(Saved data entries)
'''

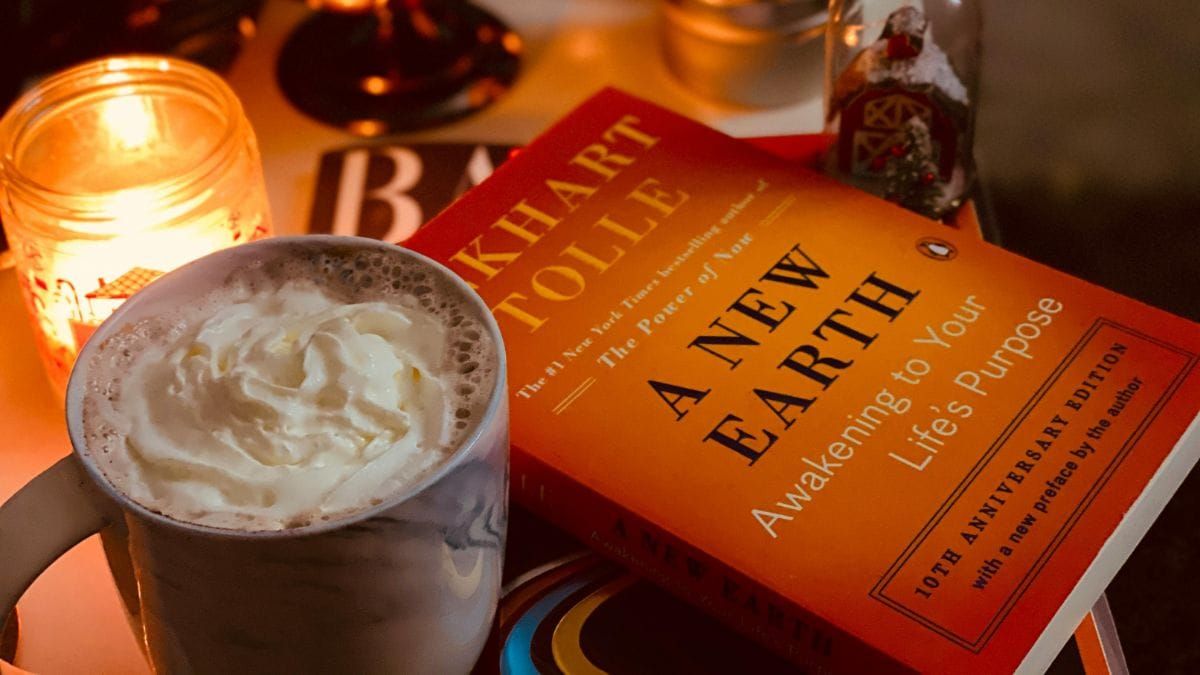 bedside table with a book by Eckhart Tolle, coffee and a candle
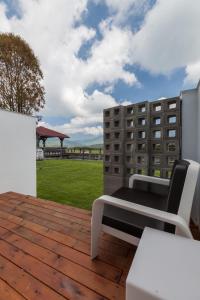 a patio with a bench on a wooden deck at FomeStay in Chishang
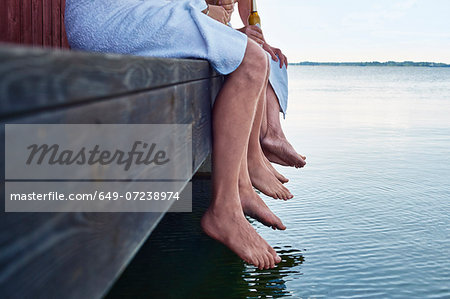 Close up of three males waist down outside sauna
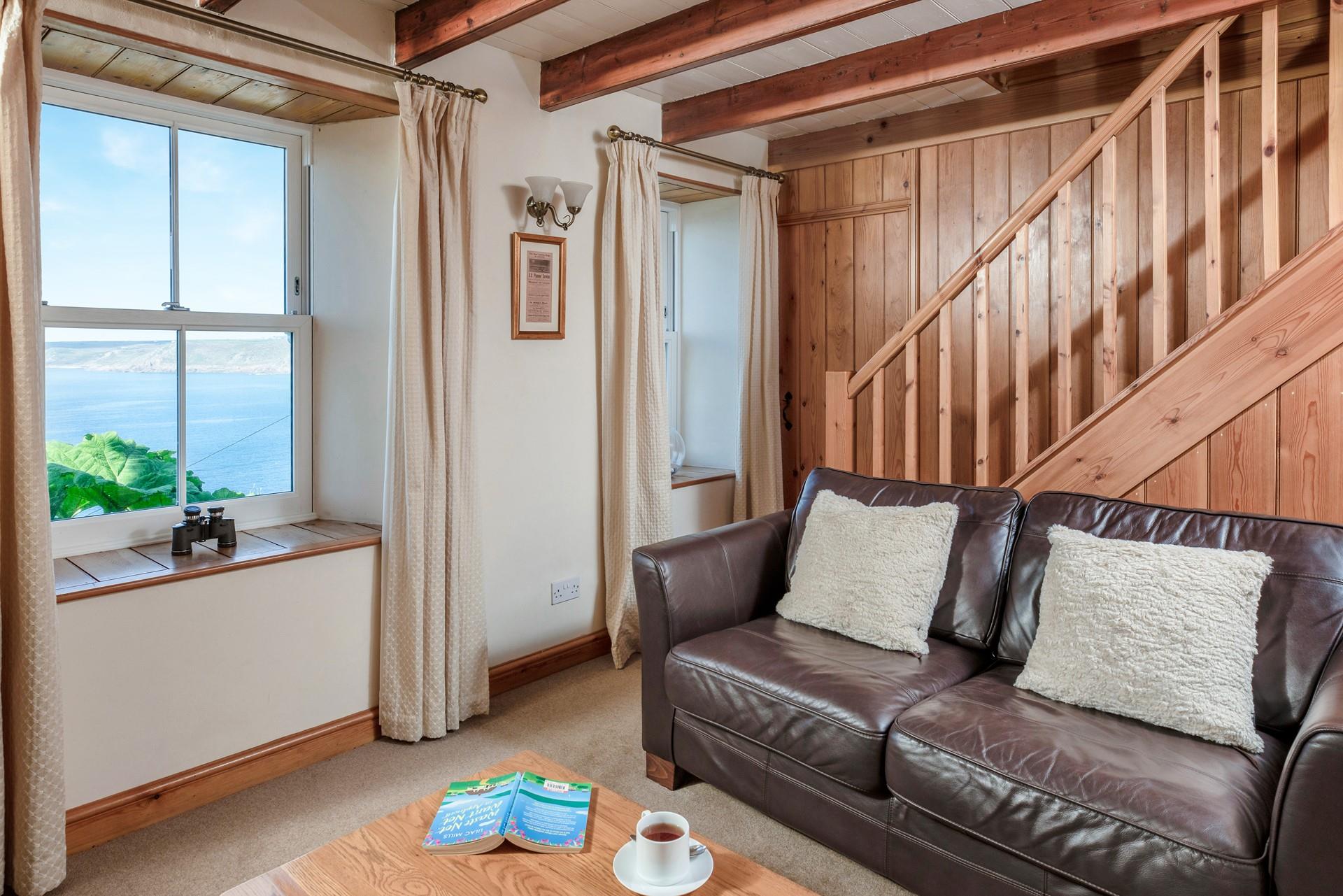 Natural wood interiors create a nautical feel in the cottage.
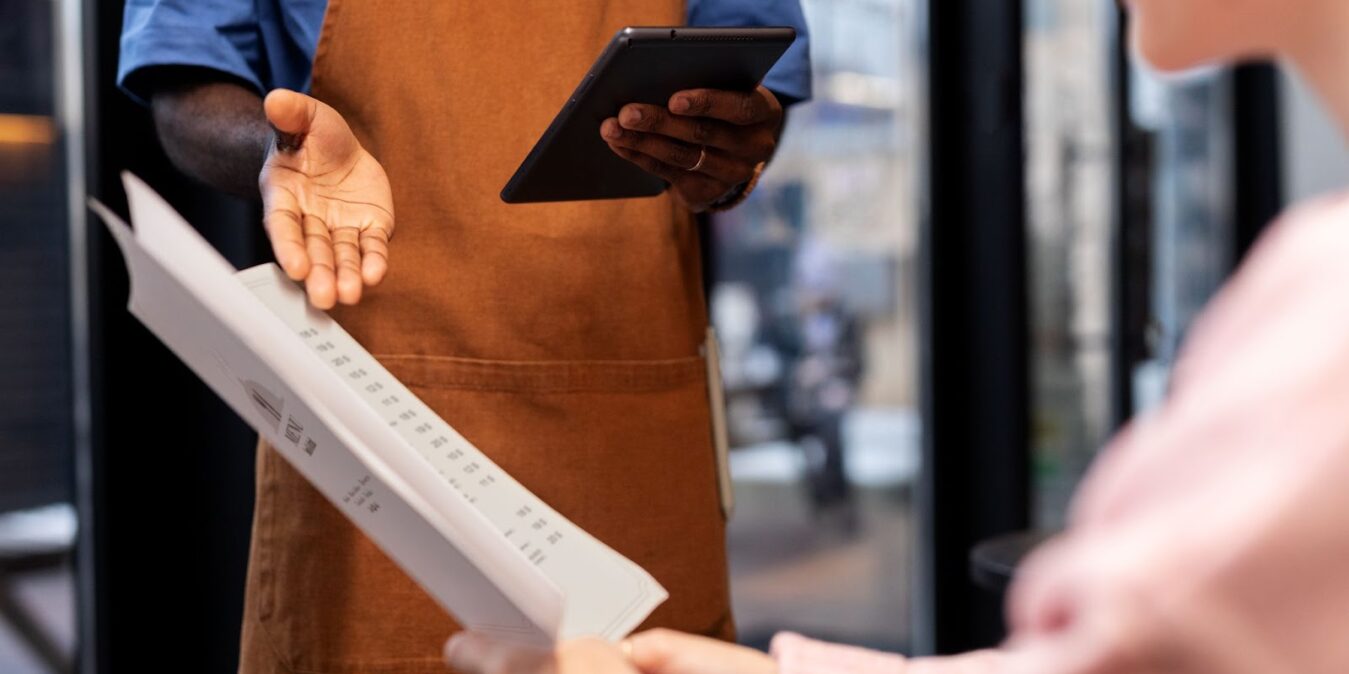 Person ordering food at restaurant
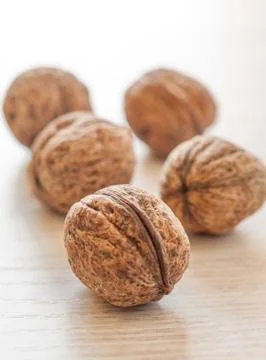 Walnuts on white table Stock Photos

'''

Task directions:
Each line from the one containing "a patio with" down to the final line of the records above must be reproduced exactly; no pictures go into the copy.

Result below:
 a patio with a bench on a wooden deck at FomeStay in Chishang
 Close up of three males waist down outside sauna
 Natural wood interiors create a nautical feel in the cottage.
 Person ordering food at restaurant
 Walnuts on white table Stock Photos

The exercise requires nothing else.